Monday, July 15, 2013

for trayvon.

i can't seem to let go of his face, that sweet gentle smile and eyes full of life.  i keep finding pictures of his mom and his dad, reading their words about their son, not fully understanding the pain they feel but still not being able to ignore what it is.

he was my son, too.

i say this from my safe house, from my white skin, from my blue eyes.  i say this as a middle-class woman, still married, with a job that i live by and believe in with all my heart.  i say this as an outsider to  many lives, but as an insider to the reality of this country.

i say this as a mother of a white boy, secure in the fact that there is no reason to fear him walking down the street.

and i say this wondering what it is i can do, what i can possibly provide for my privileged child to help him understand his place in this world; the fact that he will be chosen first, be looked upon with pride, be seen as a great possibility instead of a liability or a statistic.  

he will be just fine.

but today i realized that i have a job to do, a new kind of parenting that i have been entrusted to provide.  trayvon's parents would ask me to.  his community would ask me to.  i have to do this, in order to combat the institutionalized racism embedded in myself, in my family, in my world.  i have to, in order to make things a little bit more right.

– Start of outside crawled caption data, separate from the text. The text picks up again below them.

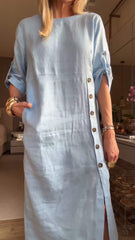 Women's Round Neck Mid-sleeve Cotton and Linen Casual Dress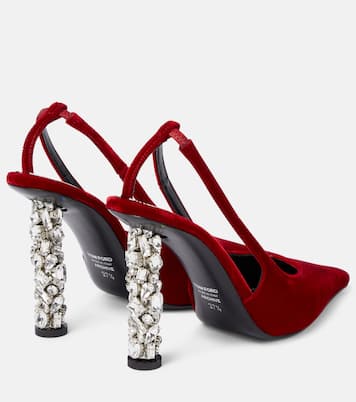 Verzierte Slingback-Pumps aus Samt | Tom Ford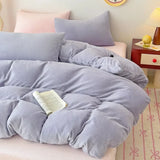 elvesmall 2024 New Milk Fleece Single Bedding Set Thickened Solid Color Warm 220x240 Double Use Quilt Cover Large Size Bedding for Winter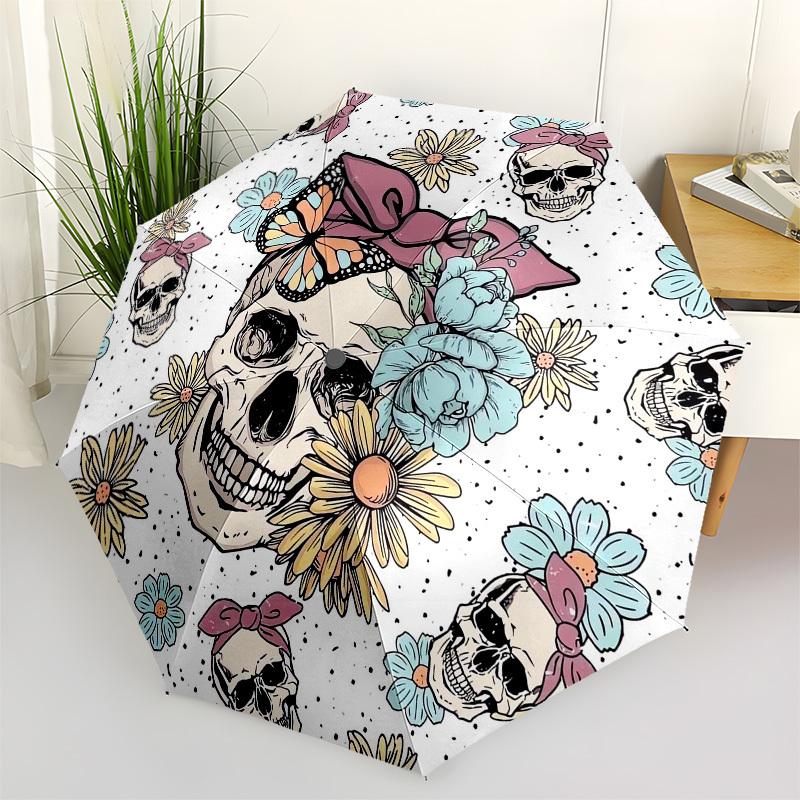 

1pc Skull Flowers Butterfly Mandala Artwork Umbrella with Plastic Handle,Vibrant Cartoon Pattern,Multi-functional UmbrellaB2010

the job is simple: tell my son like it is.  let him know of his privilege, and tell him about his surroundings.  explain how far back it goes.  speak the names of the boys lost, and tell him of their stories.  show him pictures of trayvon and oscar grant III.  tell him what they liked, how they played, what their favorite things were.  make them real.  

and then enable him, engage him to make change.  have him stand for what is right, and have him aware of his own thoughts.  talk to him out loud, be bold in my opinions and be brazen in my faults.  let him see that racism is inherent in all walks of life, let him see how it hurts, let him see how it destroys.

let him see how shallow, how small a person can be who believes skin color denotes behavior.  show him how much fuller an open heart can make one person's life.  

this is what i can do for my son.  this is what a white mother can offer in this time of strife and sadness.  this is what i can do--walk the walk for trayvon and all of the boys lost.  i can only hope that my heart's beat contributes to the healing that we need, and helps me to see myself more clearly.

sweet boys.  may my tears for you meld with your peoples' tears, so that we have the evidence in front of us that speaks to how entwined we are: water from our bodies that mirrors each others' sorrow.  we are the same, i am your mother, i am your sister, i am yours, and you are mine.

only together, no other way.
 for my son, for my other sons, this is the truth i know tonight.